For the record, frequency hopping mobile 'phone technology is much more complex and needs much more processing power than any engine control system

Tip - the first hex byte at the beginning of the code segment will decode as an order code instruction. From the decode you'll know the instruction length. Go from instruction to instruction to instruction using the length of the previous one to get the start position of the next. The first byte of the instruction is usually the instruction code, depending on the processor used. It may take bits from the 2nd byte, or may only use 6 or 7 bits instead of all eight. Then write out the assembley level mnemonic for each instruction, including addresses, literals and register pointers. If you search Google you may be able to find a software disassembler for the processor chip being used. As the ecu S/W is proprietory, it may be encrypted, but you can't encrypt boot code.

2nd tip - you need the internal format of the .dcb file.

Rob

[muchacho]

Techrat seems to have failed after a lot of effort - or at least given up.

Your chip burner can only change map and program data. What you're going to de-solder is the ROM - probably an EPROM or EEPROM, not the main chip (the cpu).

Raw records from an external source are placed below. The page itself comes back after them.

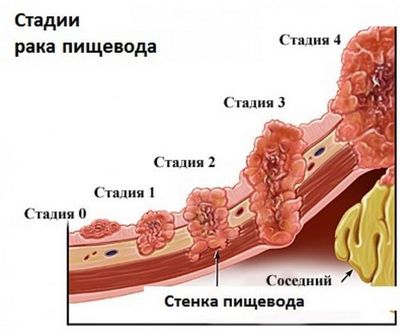 стадии рака желудка
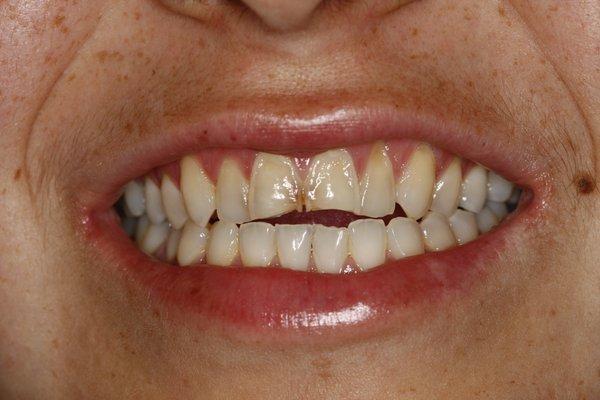 Veneers Before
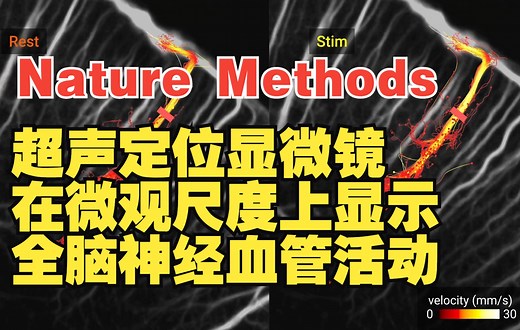 Nature Methods | 超声定位显微镜在微观尺度上显示全脑神经血管活动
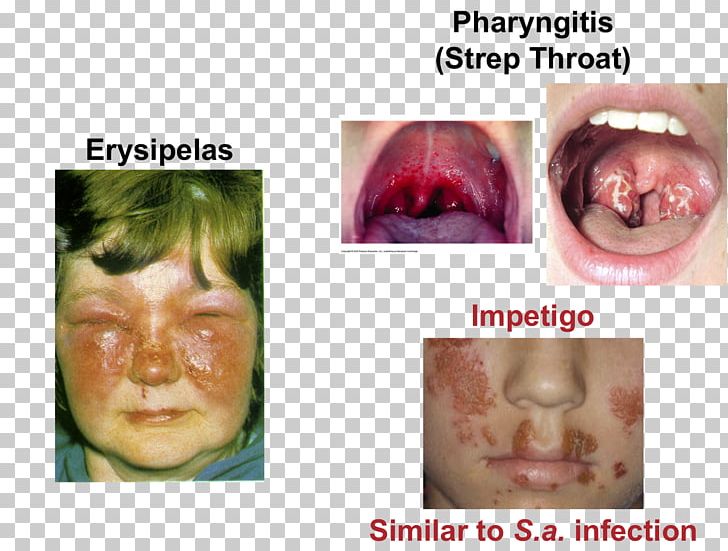 Lip Cheek Streptococcal Pharyngitis Chin Tonsillitis PNG, Clipart, Cheek, Chin, Closeup, Closeup, Disease Free PNG Download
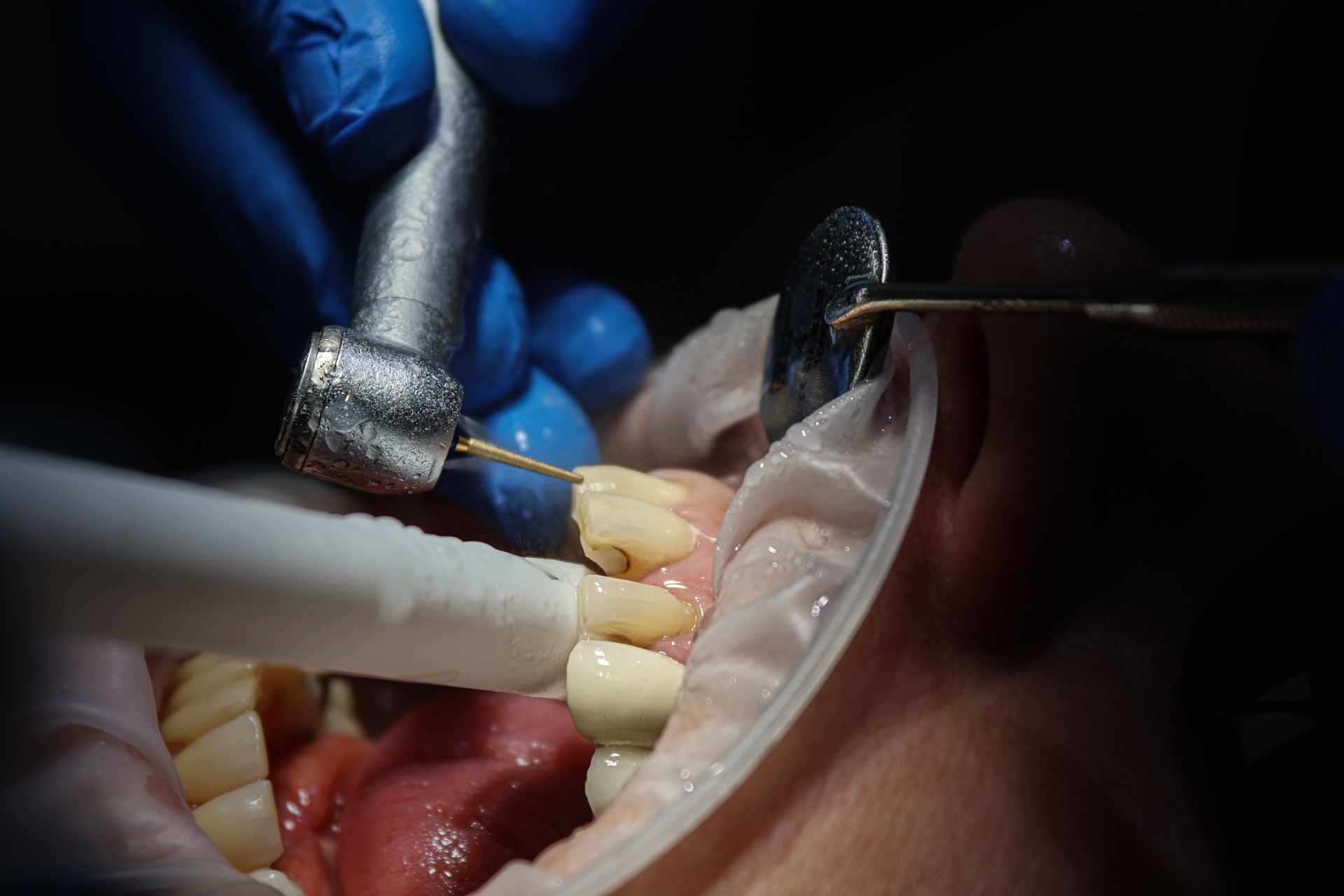 Porcelain-veneers-cosmetic-dentistry-merseyside.jpg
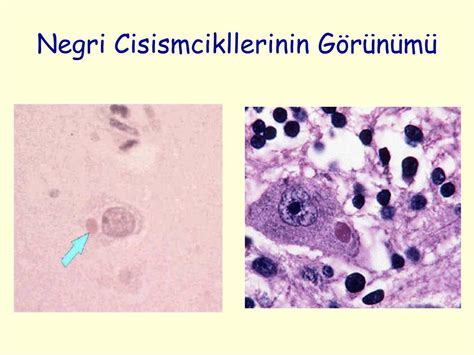Negri cisimcikleri . 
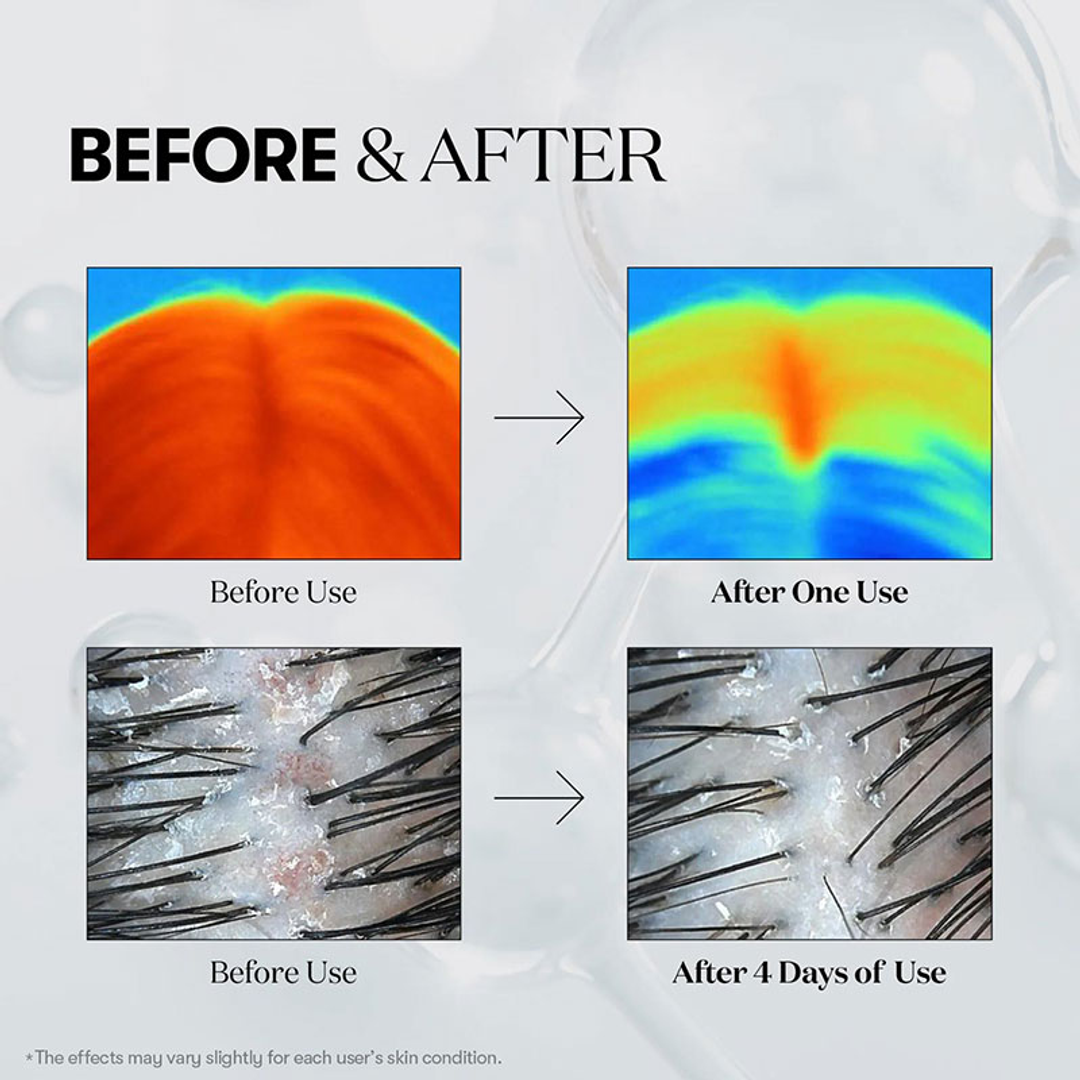 VT PDRN Reedle Shot Hair Ampoule scalp before and after results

If you take a hex dump of the ROM content, and if you know the order code for the processor used and if you know the internal format of the dcb file, then you can decipher it. The trick is identifying the code segment and re-writing it in pseudo code so that you see what it's doing and how it accesses the map(s).

It'll take you a long time.

Rob

I don't care... why wont people just give me the files so I can start failing?

I keep asking for these files and people just keep telling how long it takes. If I would have got them when techrat was working on this more than a year ago, I would have had that much time to let you know if it was looking hopeless.